Egypt: Back to square one

What to say about the fraudulent Egyptian elections? When I wrote about the rigging process last Sunday and said "There are indications this time that the government may have been too restrictive for its own good" in its efforts to suppress the opposition, I didn't expect it to be quite this bad. For all practical parliamentary purposes, the opposition parties have been wiped out. There still are run-offs to be held in some areas but the overall picture looks grim.

Mubarak's National Democratic(?) Party was determined to secure its position in preparation for a smooth transfer of power in the presidential vote next year but in the light of this week's poll, "secure" is not a word I would use. It's overwhelming – and dangerously so. As Shadi Hamid of Brookings puts it in the Guardian, "We're talking full-blown, unabashed dictatorship".

The message this sends to Egyptians who are discontented with life under the Mubarak regime (and there are millions of them) is that there is nothing to be gained from participating in electoral processes. Whatever hope there might have been for progress down that road, even in a system that was already so heavily weighted against them, has gone – at least while the old man is still alive and the apparatus that he surrounded himself with remains intact.

That is why the result is so dangerous. If change can't be achieved through the ballot box, people will look increasingly for alternatives. I don't just mean jihadism (though no doubt some will move in that direction) but street protests, strikes, disruption – any way they can think of to express their feelings.

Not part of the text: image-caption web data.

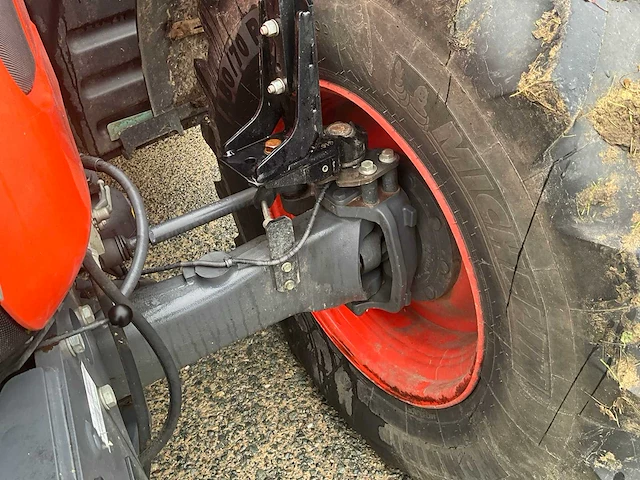 Kubota m7131 4wd landbouw tractor - afbeelding 13 van  32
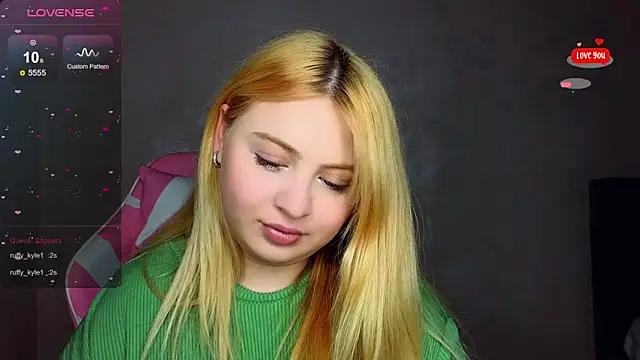 Snapshot of shy_blondiee chatting on 03-15-25, 11:39 shy blondiee online show from 03-15-25, 11:39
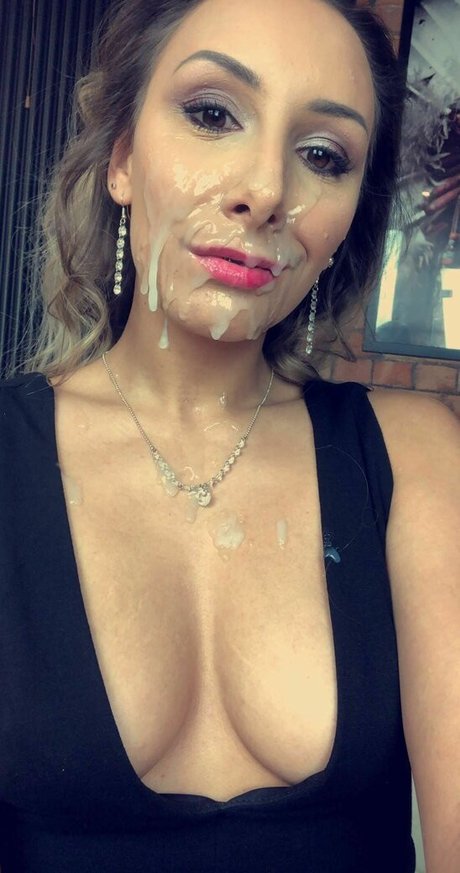 Mariah Leonne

The other side of this is the international reaction. The US State Department is "dismayed by reports of election-day interference" and "disappointed by reports ... of disruption of campaign activities of opposition candidates and arrests of their supporters". 

Dismayed and disappointed. Is that all? Think back to the stolen election in Iran last year and the reaction then. This week's Egyptian election is every bit as scandalous, and yet it is scarcely front-page news. One reason, of course, is that the Wikileaks affair has diverted people's attention. But the bigger reason is that Mubarak, unlike Ahmadinejad, is supposedly a friend of the west.

Posted by Brian Whitaker, 1 Dec 2010.

UPDATE: December 1: Worth reading ... Issandr El Amrani's analysis in al-Masry al-Youm:

"The risk with this state of affairs is that politics becomes entirely a wealth-creation mechanism. With these elections, the autocrats sent a message that whatever opening took place in 2005 is now closed. They will now no longer tolerate genuine political alternatives, particularly ahead of a still uncertain presidential transition. 

"But they also sent a secondary message: that, as long as they operate within the rules, the plutocrats are invited to help themselves to a free-for-all in which court decisions will be routinely ignored, fraud tolerated and money will always trump the rule of law."